Filling missing values (fillna) in Data Analysis Python - Time & Space Complexity
When we fill missing values in data, we want to know how long it takes as the data grows.
We ask: How does the time to fill missing spots change when the data gets bigger?
Analyze the time complexity of the following code snippet.
import pandas as pd
data = pd.Series([1, None, 3, None, 5])
filled_data = data.fillna(0)
This code replaces missing values in a list of numbers with zero.
Identify the loops, recursion, array traversals that repeat.
- Primary operation: Checking each element in the data to see if it is missing.
- How many times: Once for every item in the data list.

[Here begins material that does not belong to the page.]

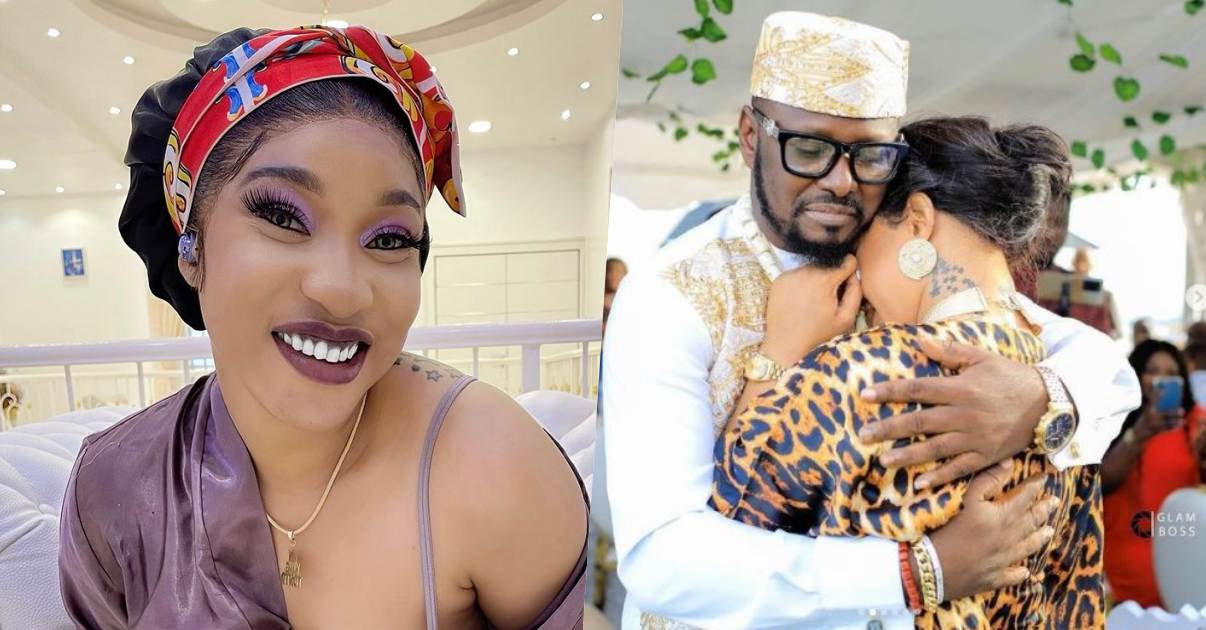 Prince Kpokpogri exposed on how he only needed Tonto Dikeh for fame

As the data list grows, the time to fill missing values grows in a straight line.
| Input Size (n) | Approx. Operations |
|---|---|
| 10 | 10 checks and fills |
| 100 | 100 checks and fills |
| 1000 | 1000 checks and fills |
Pattern observation: Doubling the data doubles the work needed.
Time Complexity: O(n)
This means the time to fill missing values grows directly with the size of the data.
[X] Wrong: "Filling missing values happens instantly no matter how big the data is."
[OK] Correct: The code must check each item to find missing spots, so bigger data takes more time.
Understanding how filling missing data scales helps you explain data cleaning steps clearly and confidently.
"What if we filled missing values using the previous value instead of a fixed number? How would the time complexity change?"